First step is to identify whether or not the loan(s) on your home are recourse or non-recourse loan. If they were loans for your initial purchase then they are most likely NON-recourse loans. If you refinanced or borrowed more money after the purchase, then they are most likely recourse loans. Meaning that the lender can pursue the debt.

However, I would recommend sitting down with a real estate attorney because California law provides some gray areas regarding this exact issue. The consultation with a lawyer that allowed you to strike this paragraph may very well be worth it.

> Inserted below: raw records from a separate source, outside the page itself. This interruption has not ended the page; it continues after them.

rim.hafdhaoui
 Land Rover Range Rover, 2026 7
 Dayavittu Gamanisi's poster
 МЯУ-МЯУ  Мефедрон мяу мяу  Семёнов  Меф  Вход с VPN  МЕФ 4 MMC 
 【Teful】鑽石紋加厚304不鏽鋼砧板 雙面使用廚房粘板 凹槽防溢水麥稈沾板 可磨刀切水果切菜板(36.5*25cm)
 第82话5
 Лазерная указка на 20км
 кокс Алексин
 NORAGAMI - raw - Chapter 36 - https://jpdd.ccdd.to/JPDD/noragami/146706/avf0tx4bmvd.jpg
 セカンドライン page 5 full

The following link provided this information:

2. If the borrower takes a loan for purposes other than the purchase of a property, and he later defaults on the loan, the lender must first foreclose upon the property to satisfy the debt, but can thereafter obtain a deficiency judgment for the balance of the loan. But any such deficiency can be recovered only if the lender uses a judicial foreclosure rather than a private sale. If the lender pursues a judicial foreclosure, the borrower will have the redemption right to buy the property from the purchaser at the foreclosure sale. If the lender uses a private sale, it cannot obtain a deficiency, nor can the borrower redeem the property after the sale. If the lender tries to circumvent all of this, it might find itself barred under the one-action rule from recovering any part of the debt from the borrower, or at best its secured debt will become an unsecured one.

http://www.maldonadomarkham.com/california-foreclosure-law.htm

Good luck,
CJ
0 votes Thank Flag Link Thu Jan 21, 2010
First off, before you accept any verbiage on an approval letter, have a RE attorney review it.
Secondly, in CA if you had a 1st & a 2nd mortgage to PURCHASE a home, then they fall under the category of "non-recourse" loans and should not be subject to deficiency judgement. However, it is difficult to assess the situation without seeing your paperwork. Your short sale expert/negotiator/realtor should be able to negotiate the verbiage on the approval letter, given that it is a non-recourse loan. Many banks send out letters with standard verbiage instead of personalizing it to fit the individual state's laws.
Thirdly, none of us, as realtors, can give you advise as to whether or not you should accept their terms. We aren't lawyers or CPAs and you really need an advisor with that specific expertise to guide you. Best of Luck!